Pressure-driven crossflow microfiltration coupled with centrifugation for tannin reduction and clarification of cashew apple juice: Modeling of permeate flux decline and optimization of process parameters

In this study, the process parameters such as rotational speed, time, membrane pore size (MPS) and transmembrane pressure were chosen for centrifugation and microfiltration, respectively. The artificial neural network-genetic algorithm technique was followed to achieve the optimized process parameters for centrifugation (7532 rpm rotational speed and 52.6 min time). Likewise, the optimum process conditions for microfiltration were obtained as 0.2 mu m MPS and 138 kPa TMP. At this optimum condition, 88% tannin content, 97% turbidity, and 95% color have been removed, and 87% ascorbic acid content and 97% TSS have been preserved in the clarified juice. Besides, a high steady-state permeate flux of 74.87 L/m(2).h was also achieved at this optimum condition. Furthermore, a resistance-in-series model was developed which can accurately represent the flux behavior of the microfiltration system. Hence, microfiltration coupled with centrifugation can be effectively utilized to remove tannin from cashew apple juice, the primary reason behind consumer acceptability.
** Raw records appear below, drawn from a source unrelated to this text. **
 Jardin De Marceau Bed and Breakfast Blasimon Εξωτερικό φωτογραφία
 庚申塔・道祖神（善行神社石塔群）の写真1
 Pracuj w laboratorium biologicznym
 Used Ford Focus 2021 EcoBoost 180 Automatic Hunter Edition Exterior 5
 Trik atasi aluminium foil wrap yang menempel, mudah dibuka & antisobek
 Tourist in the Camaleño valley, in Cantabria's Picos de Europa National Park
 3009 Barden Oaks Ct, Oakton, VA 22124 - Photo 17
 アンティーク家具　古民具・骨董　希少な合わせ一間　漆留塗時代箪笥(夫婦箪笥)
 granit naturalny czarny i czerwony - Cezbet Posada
Novelty impact statement The novelty and significance of this work is the development of a nonthermal clarification technology with optimum process parameters for the reduction of tannin, turbidity, and retention of ascorbic acid content using centrifugation and microfiltration. The clarified juice at the optimum conditions had low astringency (tannin content: 15.31 mg tannic acid/100 ml) and haziness (turbidity: 1.89 NTU, color intensity:0.05 abs and clarity: 99.51 T), with maximum retention of ascorbic acid content (227 mg/100 ml). This study does not involve thermal treatment or addition of any preservatives/additives and hence could assist the food industries to commercially develop a turbid-free, astringent-less, and highly nutritious cashew apple juice.